The latest Price Index of Operating Costs underscores the trend. Operating costs for stabilized buildings rose 5.3% over the last year, while insurance alone climbed 10.5%, accounting for 9.5% of the index—and landing after an 18.7% jump the year before.

It also reflects a broader crisis rippling across the country—between 2020 and 2023, home insurance costs increased by 33%, and as a result, as many 1 in 7 homeowners do not have insurance today.

Speaking during a press briefing Wednesday night, Deputy Mayor for Housing Leila Bozorg said the city believes a new city-backed insurance product could re-level the playing field and bring premiums down by 20% to 30%.

“Our goals are to be able to reduce premiums and stabilize finances for the buildings and for the affordable housing stock,” Bozorg said.

The administration argues those savings could help owners preserve existing housing units while making it easier to finance new affordable housing projects—a core campaign promise from the mayor.

It could also be welcome news to owners of affordable and rent-stabilized housing, many of whom have been sounding the alarm that rising costs, diminishing profits, and the prospect of a rent freeze—another key campaign promise—could make their buildings harder to operate. 

Mamdani is expected to formally unveil the plan during an address to the Citizens Housing & Planning Council on Thursday afternoon.

The plan

Mamdani’s proposal would leverage the city’s balance sheet to offer specialized policies for affordable and rent-stabilized buildings, with a goal of reaching about 100,000 homes by 2030. Bozorg said the program is intended to provide robust property and liability coverage, in line with what city- and state-financed affordable housing projects already require.

When asked about the specific mechanism that would bring premiums down, Bozorg said the city-backed program would have access to cheaper capital and would not carry the same overhead and profit expectations as commercial insurers.

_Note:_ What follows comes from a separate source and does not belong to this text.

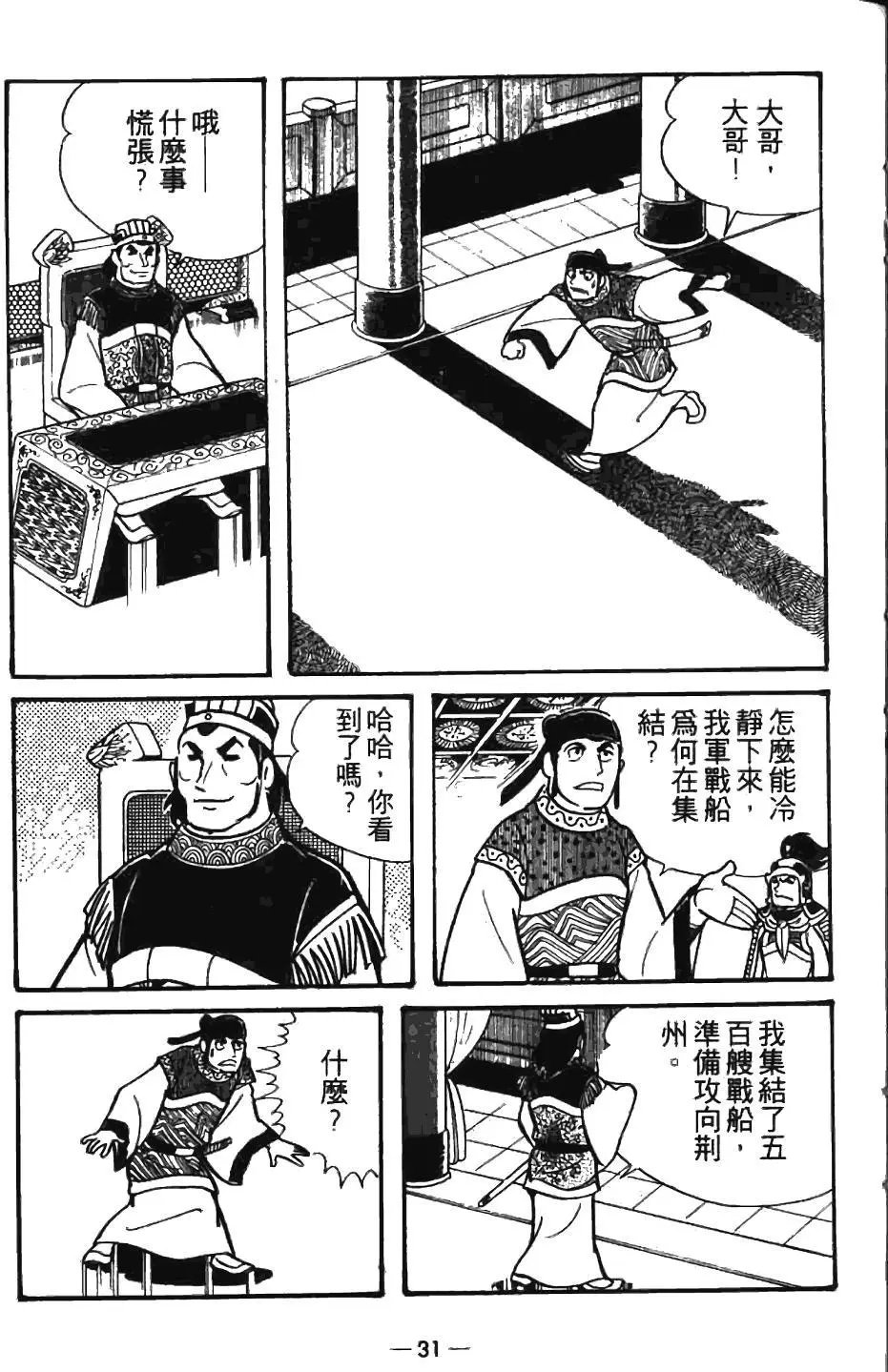 第07卷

NYC Mayor Zohran Mamdani has vowed to bring down costs for the city’s tenants.Office of The Mayor

Plus, the city is already carrying some of the costs of higher premiums, she argued.

Insurance coverage is baked into loan underwriting for any new housing project, so higher premiums make new deals more expensive to finance. Officials said that for every $100 increase in premiums, developers need roughly $1,200 more in city capital to make the project pencil out.

That dynamic is central to the administration’s case for stepping in. Officials have not yet said how much the city will need to invest upfront, with Bozorg saying the final amount will depend on the program’s design and budgeting process. 

Even so, she said the city expects the effort to save $500 million to $700 million over time by easing the burden that has driven up subsidy needs.

She also stressed that the program will not function as an insurer of last resort—the backstop coverage many states offer homeowners who can’t find it in the private market.

These programs have faced growing scrutiny in recent years as enrollment has surged and financial pressures have mounted. In California, the FAIR Plan has drawn particular criticism over its handling of smoke-damage claims after the Los Angeles wildfires.

The rollout is expected to happen in phases, beginning this week. If the timeline holds, officials say coverage would begin reaching about 20,000 homes in 2027 and expand to 100,000 by 2030.

How it fits in to Mamdani’s housing agenda

The proposal lands in a debate that has often been flattened into a simple tenant-versus-landlord fight, even as the financial reality of regulated housing is more complicated.

Speaking to Realtor.com® in March after the release of the 2026 Income and Expense Study, Ann Korchak, president of the Small Property Owners of New York (the majority of whom own stabilized units), warned that the financial reality for landlords was not as rosy as their reported 6.2% profitability seemed.

“It doesn’t factor in mortgage debt, costly apartment improvements, and major capital expenses, such as new roofs and boilers, electrical and plumbing upgrades, and facade repairs, that are a constant in older rent-stabilized buildings,” she said.

Realtor.com senior economist Joel Berner struck a similar note: “Major capital expenditures for one-time projects like a new roof are not included in NOI [net operating income]. Even though on an NOI basis it can look like a landlord is doing well, if they are neglecting important improvements to a building, they can quickly become insolvent.”

Those pressures are said to have contributed to nearly 50,000 “ghost apartments”—rent-stabilized units sitting vacant because the cost of rehabilitation far exceeds the potential return.

And it helps explain why Mamdani’s insurance push matters: If it works as promised, the plan could function as an olive branch to landlords who viewed his rent-freeze pledge as a financial threat, while still advancing the tenant relief that sits at the core of his platform.